Na volta do goleiro Rogério Ceni, o São Paulo sofreu para derrubar o Figueirense, ontem à noite, no Morumbi, pelo Brasileirão. Os torcedores que foram ao estádio viram o golaço Lucas definir o heroico 1 a 0 já nos descontos. O personagem da noite salvou a honra de quem, apesar da vitória, atuou muito mal. Entre outros desacertos, a equipe de Carpegiani falhava pela ausência de sintonia ao trocar passes diante do persistente adversário.
Os visitantes chegaram a surpreender os donos da casa pela constante rotatividade no meio-campo. Logo nos primeiros dez minutos, o São Paulo havia criado três chances nos pés de Fernandinho, Lucas e Dagoberto.
Era pouco para quem deveria ousar muito mais da intermediária à frente. As investidas de Jean pela direita eram uma das alternativas ofensivas. Juan disparava na esquerda, mas faltavam espaços ao lateral. Casemiro e Carlinhos Paraíba se encarregavam de rodar para que Lucas tivesse mais liberdade ao encostar em Dagoberto. Aí estava a fórmula que não funcionava.
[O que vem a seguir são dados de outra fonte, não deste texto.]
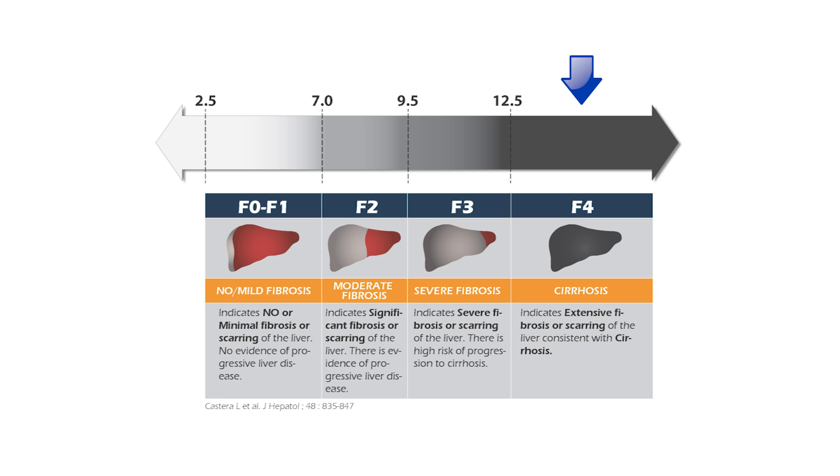For example, you come into the office and do a FibroScan. If you find that your score is less than 4, that tells you that you do not have any scarring in the liver. If you do a test and find that your score is 12 or 13, that tells you you are stage 4 — meaning close to 80 to 90% of the liver is scarred, and you're heading down the wrong path towards liver failure. You may end up needing a liver transplant.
O confuso mapa são-paulino se confundia nas circunstâncias mais primárias ao procurar os atalhos que poderiam levá-lo a tirar o zero do resultado.
Pior do que não antecipar o caminho correto para explorar a própria superioridade conferida ao modelo utilizado pelo técnico Carpegiani era não se arriscar no momento exato.
Na segunda fase, o São Paulo recorreu a Rivaldo no lugar de Fernandinho, que se mostrava dispersivo especialmente nos arremates. A torcida, que tanto protestou no intervalo, aplaudiu o pentacampeão, que logo passou a coordenar os lançamentos. No entanto, ninguém se oferecia cá ou lá para tabelar ou concluir os lances de área.
O Figueirense insistia nos contragolpes que o caracterizavam desde o início. A referência era o veterano Reinaldo - ex-São Paulo, Santos e Botafogo-RJ, além do futebol francês -, que impunha cuidados redobrados e puxava o combate de Xandão e Rhodolfo. Aos 20 minutos, Jean poderia balançar a rede, mas o chute saiu perigosamente rente à trave. Carpegiani apostou em duas mudanças: Henrique substituiu Juan e Marlos ocupou a vaga de Carlinhos Paraíba.
Aos 23, Casemiro, livre no meio da zaga, parou no goleiro Wilson. Aos 26, Marlos mandou na trave. Aos 35, Lucas esbarraria novamente no ágil camisa um. Mas, aos 47, o diferenciado garoto desengasgou o grito das arquibancadas: 1 a 0.